===== Stored data

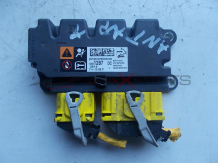 Централа AIRBAG за OPEL ANTARA AIRBAG CONTROL MODULE 13591287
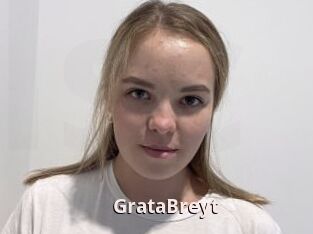 GrataBreyt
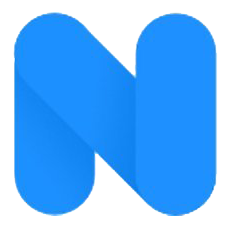 Benevate LLC (dba Neighborly Software) logo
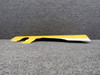 5012050-9 Cessna 411A Horizontal Stabilizer Fairing Assembly LH (Colored)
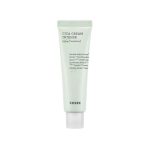 Cosrx cica cream intense 50ml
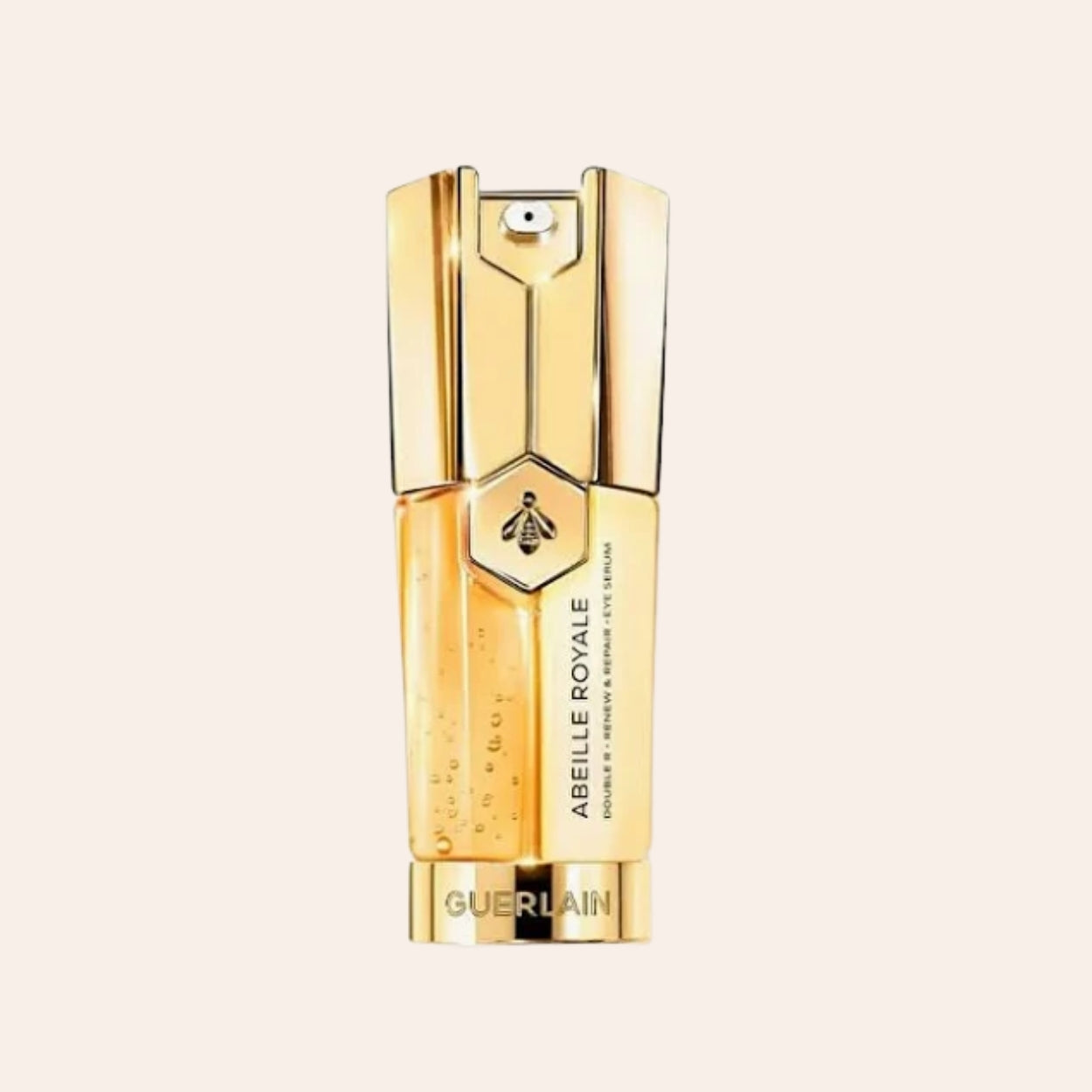 Guerlain Abeille Royale Double R Renew & Repair Eye Serum 20 ml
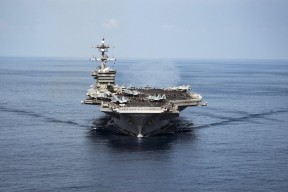 九游电脑版-男子100自查尔莫斯强势冲线，查尔莫斯什么水平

==========

_Required work_:
Could you reproduce the records above exactly, leaving out every picture?

_Response to this task_:
 Централа AIRBAG за OPEL ANTARA AIRBAG CONTROL MODULE 13591287
 GrataBreyt
 Benevate LLC (dba Neighborly Software) logo
 5012050-9 Cessna 411A Horizontal Stabilizer Fairing Assembly LH (Colored)
 Cosrx cica cream intense 50ml
 Guerlain Abeille Royale Double R Renew & Repair Eye Serum 20 ml
 九游电脑版-男子100自查尔莫斯强势冲线，查尔莫斯什么水平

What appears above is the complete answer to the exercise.